Cytat Zamieszczone przez mxw
witam,
bawiłem sie oboma (G6 i Pro1) i PRO1 został błyskawicznie zdyskwalifikowany:
ma niby pierścień od zooma na obiektywku, ale to jest elektryczny zoom (co jeszcze by uszło) który to zoom jest blokowany po wciśnięciu spustu do połowy! (co jest porażką całkowitą)

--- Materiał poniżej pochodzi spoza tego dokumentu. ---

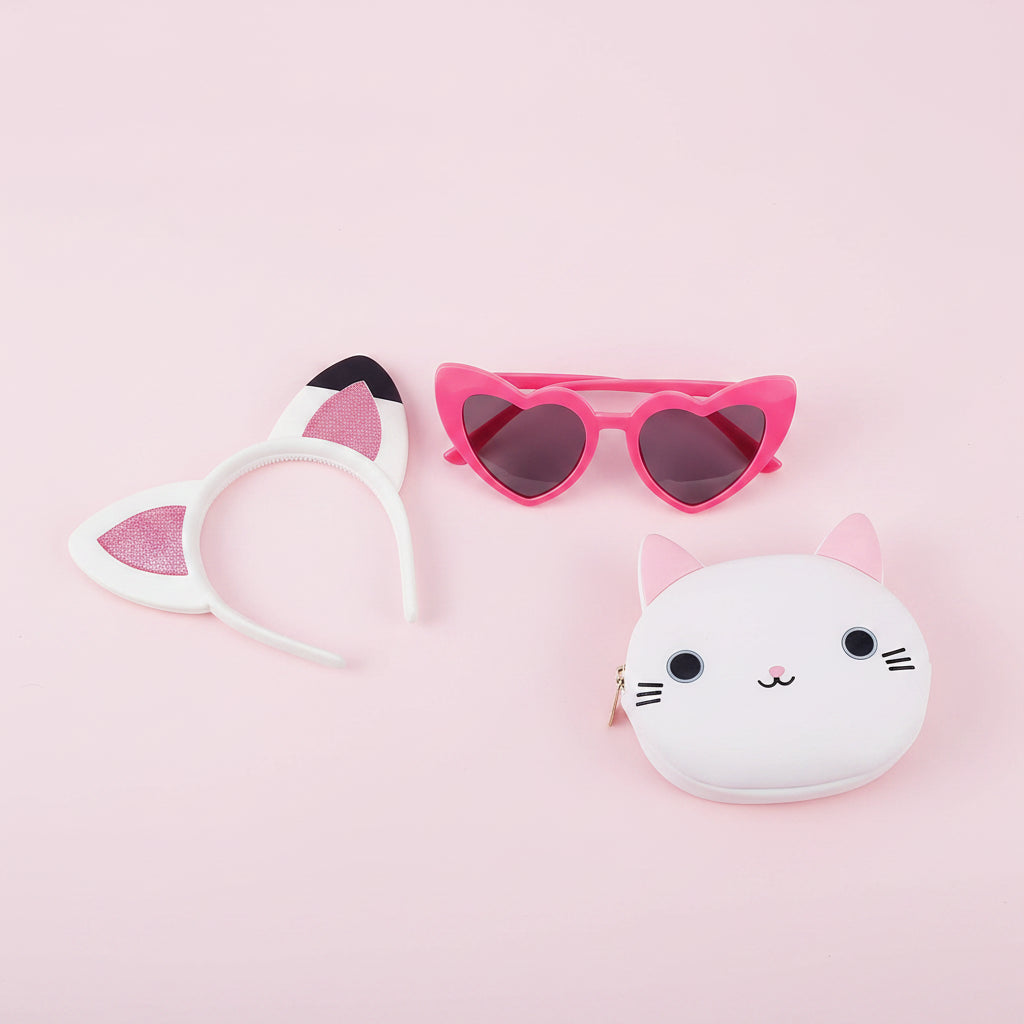 Cat-themed hairband, sunglasses, and coin purse on a pink background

nie wiem, byc może jakiś upgrade softu to zmienia, ale wg mnie z tego powodu PRO1 jest całkowicie bezużyteczny... niech jakiś fotograf powie, czy jest w stanie sie teraz nauczyć, żeby po wciśnięciu spustu już nie przekadrowywać lub nie przezoomowywac kadru... :-o

w kompaktach tego się nie zauważa (też jest blokada - przynajmniej w canonach) bo do obsługi spustu i zooma służy ten sam palec

odpowiadając na pytanie: lepiej G6, jest tańszy i lepszy

a tak naprawdę, to na 150% popieram Kuchatka i Viteza: lepiej lustro (300D/350D) do robienia zdjęć plus jakiś IXUS na imprezki
A czy aby nie można tego spustu puścić? Robię zdjęcia PRO1 naprawdę już długo, ale jeszcze na taki problem - dyskwalifikujący ten aparat wg Ciebie - nie zwróciłem w ogóle uwagi. Może jestem mniej wymagający.

G6 nie miałem w ręku, ale miałem G5. Też przyjemny kompakcik. Do Pro1 już się przyzwyczaiłem, lubię go zabierać na rower - w komplecie z pilotem (IR) daje możliwość robienia naprawdę fajnych grupowych zdjęć. A zoom (odpowiednik 28-200) też się przydaje.